Im März 1910 erfolgte die USA-Premiere von "Ruth" sogar durch zwei Konzertgesellschaften: das Oberlin Conservatory of Music und den Apollo Music Club of Chicago.

Andere international beachtete Aufführungen von "Ruth" fanden 1911 beim Sheffield Music Festival in England statt. Die New Yorker Erstaufführung in der Carnegie Hall wurde 1913 durch die Oratory Society unter der Leitung von Louis Koemmenich dargeboten.

 

Ruth im Feld des Boaz, Gemälde von Julius Schnorr von Carolsfeld, 1828 (Wikipedia) Schicksal des Werkes in den dreißiger Jahren

Schumanns Ruth wurde bis in die dreißiger Jahre immer wieder aufgeführt. Das Werk konnte jedoch aufgrund seiner alttestamentarischen Thematik dem Antisemitismus der Nationalsozialisten nicht entgehen und eine geplante Aufführung 1942 wurde kurzfristig verboten. Verbittert schrieb Schumann an den zuständigen Abteilungsleiter der Musik im Propagandaministerium, in dem es zuletzt sarkastisch heißt:

"Befremden tut mich auch die Tatsache, daß man dann noch Werke wie das Brahmsche Requiem, alttestamentliche Werke von Bruckner, Psalmen von Liszt, den 100. Psalm von Reger, Ernste Gesänge von Brahms, um nur einiges zu nennen, zuläßt.
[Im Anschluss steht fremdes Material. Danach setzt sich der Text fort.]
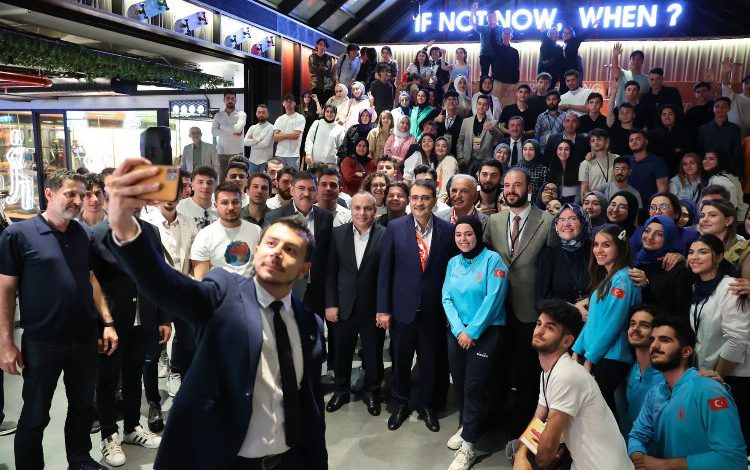 Fatih Dönmez Ümraniye’de gençlerle buluştu Fatih Dönmez Ümraniye’de gençlerle buluştu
Ebenso hätte ich gehofft, daß die Aufführung der Salome im Opernhaus, deren Text noch dazu von einem Engländer ist, sich auf meine Ruth günstig auswirken würde, die doch gegenüber der Salome ein keusches Weib ist."

Schumann, der vielen einflussreichen Institutionen vorstand, allerdings kein Mitglied der Partei war, wollte sein Haupt- und Lieblingswerk für eine Aufführung retten und war deswegen bereit, den Text zu ändern. Das Werk erhielt jetzt den Titel "Lied der Treue". Gemeinsam mit Georg Schünemann, dem damaligen Leiter der Musikabteilung der Preußischen Staatsbibliothek, überarbeitete er den Text. Für den 12. Februar 1943 wurde "Ruth" als weltliches Oratorium mit neuem Text angekündigt. Der Verlag stellte einen neuen Klavierauszug her, die Handlung wurde nach China verlegt. In dieser Form ist das Werk 1944 noch einmal erklungen.

1946, zu Schumanns 80. Geburtstag, wurde es im Haus der Rundfunks wieder in der Originalfassung und unter Schumanns Leitung aufgeführt.


Programmblatt der Uraufführung Wiederentdeckung 2003

Im Jahr 2003 wurde das Stück nach fast einem halben Jahrhundert vom Philharmonischen Chor unter der Leitung von Jörg-Peter Weigle erstmals wieder in Berlin präsentiert. Die Aufführung fand in Zusammenarbeit mit der Georg Schumann Gesellschaft statt und aus Anlass des 100-jährigen Bestehens der GEMA, dessen Ehrenmitglied Schumann ist.

Die Resonanz auf das Konzert bestätigte den hohen Wert des Stückes:

Im Tagesspiegel schrieb Frederik Hansen vom "lichtdurchfluteten, prachtvoll-samtigen Orchestersound" und "Schumann schuf ein wahres Juwel spätromantischer Klangsinnlichkeit, erfüllt von heiterer Gottgewissheit...".

Ruth wurde 2016 anlässlich der Wiederkehr des 150. Geburtstages Schumanns in Hameln unter der Leitung von Stefan Vanselow mit großem Erfolg aufgeführt.

Jörg Peter Weigle führte Ruth mit seinem Philharmonischen Chor Berlin und dem Brandenburgischen Staatsorchester Frankfurt (Oder) im Jahr 2020 in Frankfurt (Oder) auf.